• _Problem requirements_
Include the line containing "Nevşehir’de Atıl Hastane" and every line after it up to the end of the material below; reproduce them exactly and drop the pictures.

======== Given data

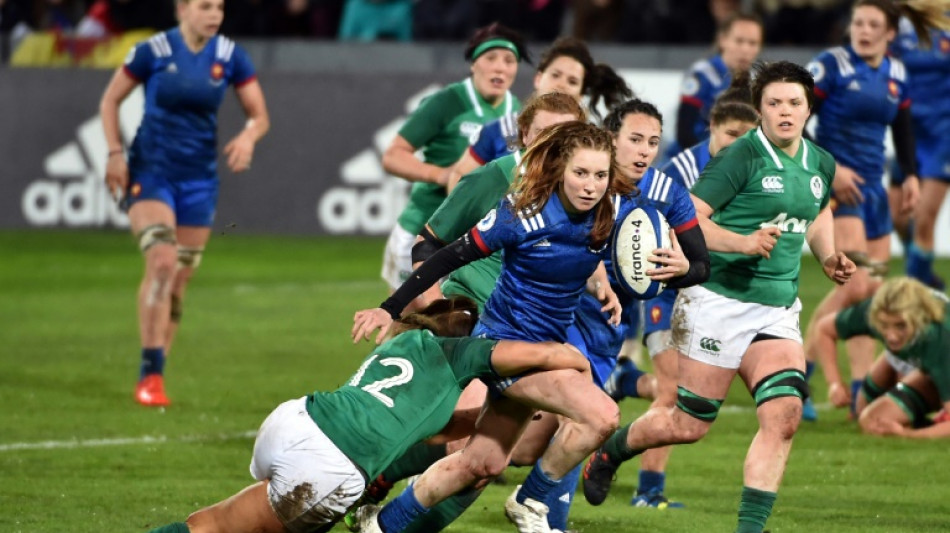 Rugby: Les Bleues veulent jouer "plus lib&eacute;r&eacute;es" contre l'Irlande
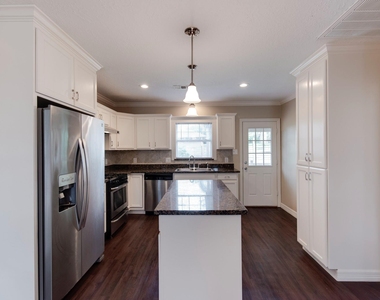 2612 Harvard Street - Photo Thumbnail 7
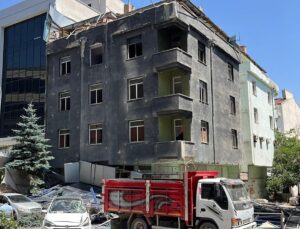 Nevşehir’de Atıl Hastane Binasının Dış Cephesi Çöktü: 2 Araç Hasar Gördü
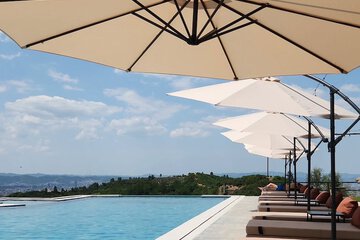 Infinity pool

================

• _Result of the task_
 Nevşehir’de Atıl Hastane Binasının Dış Cephesi Çöktü: 2 Araç Hasar Gördü
 Infinity pool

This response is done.